Mogen we uit de opstelling van GS concluderen dat ze de voorgestelde plannen steunt/onderschrijft? Zo ja, vindt ze dat ze daardoor niet opkomt voor de belangen van de eigen inwoners?
Gabriëls: „Het op orde krijgen van de natuur en de biodiversiteit, en daarmee bieden van een gezonde leefomgeving, is ook in het belang van onze inwoners. Daarnaast ondervinden we als provincie dagelijks de problemen van het stikstofdossier. Omdat de natuur niet op orde is, kunnen we vergunningen die we graag zouden willen verstrekken voor allerlei bedrijfsmatige, sociale en economische activiteiten niet verlenen. Deze impasse blijft voortbestaan als we niet handelend optreden. Met dit in het achterhoofd gaan we aan de slag met de richtinggevende doelen NPLG. Met daarbij de overtuiging dat we samen met de streek tot gedragen oplossingen kunnen komen. Dit kan ons inziens leiden tot een landelijk gebied waarin vele bestaande, maar vooral ook nieuwe verdienmodellen mogelijk zijn en waar iedereen die dat wil een boterham kan verdienen. Mogelijk niet op de huidige manier, maar wel op een toekomstbestendigere manier. We vinden daarom dat we met het inzetten van het NPLG wel degelijk opkomen voor de hogere belangen van onze provincie en haar inwoners.”

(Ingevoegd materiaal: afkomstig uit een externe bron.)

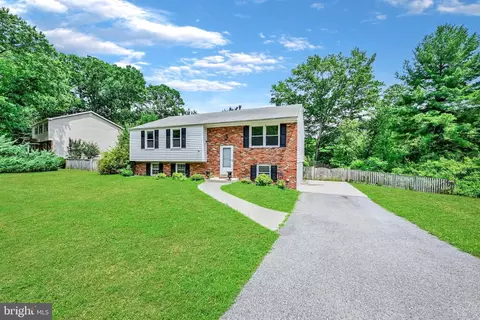 449 Cloverdale Cir, Severna Park, MD 21146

En richting de agrarische sector?
Gabriëls: „We hebben oog voor de impact die de richtinggevende doelen hebben op de agrarische sector, die in hoge mate vertegenwoordigd is in onze provincie. En wij stellen ons ten doel om deze ondernemers perspectief te blijven bieden. Daarom hebben we naast genoemde passende normerende wetgeving ook financiële middelen nodig. Wij geloven namelijk in transitie boven opkoop én we willen jonge agrarische ondernemers in onze provincie Limburg een toekomst blijven bieden. Voor hen is risicokrediet nodig. Daarnaast hebben we hebben ontschotte budgetten nodig om slagvaardig aan de slag te gaan.”
Welk risicokrediet? Door (recente) investeringen en minder koeien op het bedrijf (fosfaatregelgeving) en/of bedrijfsovername hebben (jonge) ondernemers weinig of geen spek op de ribben. Wat kan risicokrediet hier in wijzigen?
Gabriëls: „We zijn van mening dat we agrariërs zouden moeten helpen bij het vinden van nieuwe verdienmodellen. Daar waar investeringen uit het verleden op een onevenredige manier worden geraakt, of daar waar overbrugging nodig is voor nieuwe of omvorming van bedrijfsactiviteiten, zijn we van mening dat daar tegemoetkoming/overbruggingskrediet voor zou moeten komen. Een vorm van een transitievergoeding of risico-achtervang zou agrariërs de zet kunnen geven de overstap toch te maken. Dit is mogelijk maatwerk dat we samen met ondernemers in het gebied willen oppakken.”
U stelt dat u nadrukkelijk in gesprek wilt blijven met alle sectoren die geraakt worden door deze stikstofproblematiek, dus bijvoorbeeld ook met de industrie en de mobiliteitssector. Kunt u dit concretiseren?
Gabriëls: „Zoals ook in het LASN Limburgse aanpak stikstof en natuurherstel is aangegeven zijn wij van mening dat alle sectoren hun fairshare moeten doen om de stikstofproblematiek op te lossen. Dit is ook in het belang van alle sectoren; de vergunningverlening moet vlot getrokken worden en de natuur moet hersteld worden. Parallel aan de gebiedsprocessen in het landelijk gebied, gaan wij met de industrie en de mobiliteitssector in gesprek hierover. Daarnaast lopen er landelijke trajecten over de industrie en heeft de minister voor het najaar generieke maatregelen voor deze sector aangekondigd.”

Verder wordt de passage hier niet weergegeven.